Joe Abley jabley at hopcount.ca
Mon Jun 15 18:58:05 UTC 2015


Hi Joe,

On 15 Jun 2015, at 13:50, Joe Hamelin wrote:

> I have a mail system where there are two MX hosts, one in the US and 
> one in
> Europe.  Both have a DNS MX record metric of 10 so a bastardized
> round-robin takes place.  This does not work so well when one site 
> goes
> down.   My solution will be to place a load balancer in a hosting site
> (virtual, of course) and have it provide HA.  But what about HA for 
> the
> LB?  At first glance anycasting would seem to be a great idea but 
> there is
> a problem of broken sessions when routes change.
>
> Have any of you seen something like this work in the wild?

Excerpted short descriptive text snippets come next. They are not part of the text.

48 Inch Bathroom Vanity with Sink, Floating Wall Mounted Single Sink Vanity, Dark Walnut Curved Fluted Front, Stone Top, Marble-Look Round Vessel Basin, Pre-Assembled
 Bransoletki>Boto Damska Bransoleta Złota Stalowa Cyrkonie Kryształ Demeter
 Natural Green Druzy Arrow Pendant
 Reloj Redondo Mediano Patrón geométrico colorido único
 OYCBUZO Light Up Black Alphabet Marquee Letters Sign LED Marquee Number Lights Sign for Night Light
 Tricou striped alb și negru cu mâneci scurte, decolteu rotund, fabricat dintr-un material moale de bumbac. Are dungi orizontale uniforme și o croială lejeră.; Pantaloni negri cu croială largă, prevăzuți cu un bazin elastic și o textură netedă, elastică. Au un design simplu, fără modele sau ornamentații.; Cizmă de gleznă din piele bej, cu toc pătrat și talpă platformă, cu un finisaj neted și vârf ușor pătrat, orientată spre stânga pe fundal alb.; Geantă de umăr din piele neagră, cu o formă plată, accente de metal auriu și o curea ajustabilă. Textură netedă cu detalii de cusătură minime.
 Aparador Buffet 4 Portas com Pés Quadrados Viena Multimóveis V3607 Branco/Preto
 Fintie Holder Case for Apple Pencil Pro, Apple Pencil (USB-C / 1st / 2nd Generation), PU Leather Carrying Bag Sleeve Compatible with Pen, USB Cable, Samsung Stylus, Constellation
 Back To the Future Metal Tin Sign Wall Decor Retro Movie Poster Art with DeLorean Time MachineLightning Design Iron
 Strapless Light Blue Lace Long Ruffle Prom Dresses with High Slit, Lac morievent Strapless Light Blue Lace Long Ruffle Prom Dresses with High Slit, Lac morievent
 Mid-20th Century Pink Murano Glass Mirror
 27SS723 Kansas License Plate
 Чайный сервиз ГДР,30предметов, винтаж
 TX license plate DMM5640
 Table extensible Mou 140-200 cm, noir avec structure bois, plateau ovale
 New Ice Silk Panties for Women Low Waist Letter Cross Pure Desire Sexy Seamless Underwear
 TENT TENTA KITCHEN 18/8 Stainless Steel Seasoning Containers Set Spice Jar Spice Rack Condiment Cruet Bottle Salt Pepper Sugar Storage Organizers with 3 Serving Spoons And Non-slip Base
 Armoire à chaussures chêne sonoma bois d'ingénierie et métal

If you can give responses to QTYPE=MX queries that match the location of 
the client, you can approximate this without deploying your SMTP servers 
using anycast. This feels like a simpler solution to operate; anycast 
sometimes pits BGP-fearing, syseng people against neteng people when 
things break at 3am, and if that rings true for you then a solution that 
avoids it might be of interest.

So, suppose clients in region A could query NETHEAD.COM/IN/MX and get a 
response that looks like

   NETHEAD.COM. IN MX 10 REGION-A-MX.NETHEAD.COM.
                IN MX 20 REGION-B-MX.NETHEAD.COM.
                IN MX 20 REGION-C-MX.NETHEAD.COM.

whereas clients in region B might see a response that looks more 
sensible to them:

   NETHEAD.COM. IN MX 10 REGION-B-MX.NETHEAD.COM.
                IN MX 20 REGION-A-MX.NETHEAD.COM.
                IN MX 20 REGION-C-MX.NETHEAD.COM.

etc, etc.

That way you still get a reasonable fallback in the event that one MX 
target is unreachable for a particular client, but you steer the bulk of 
your traffic in a way that makes sense (and which your syseng people 
don't have to understand the details of).

You can achieve the above DNS trickery using various load balancers that 
other people in this thread have already mentioned. You can also install 
your own geomaps in your own nameservers and handle it yourself, or you 
can buy managed DNS service from various people that can do this kind of 
thing.

Disclaimer: Dyn, for whom I work, sells such a service.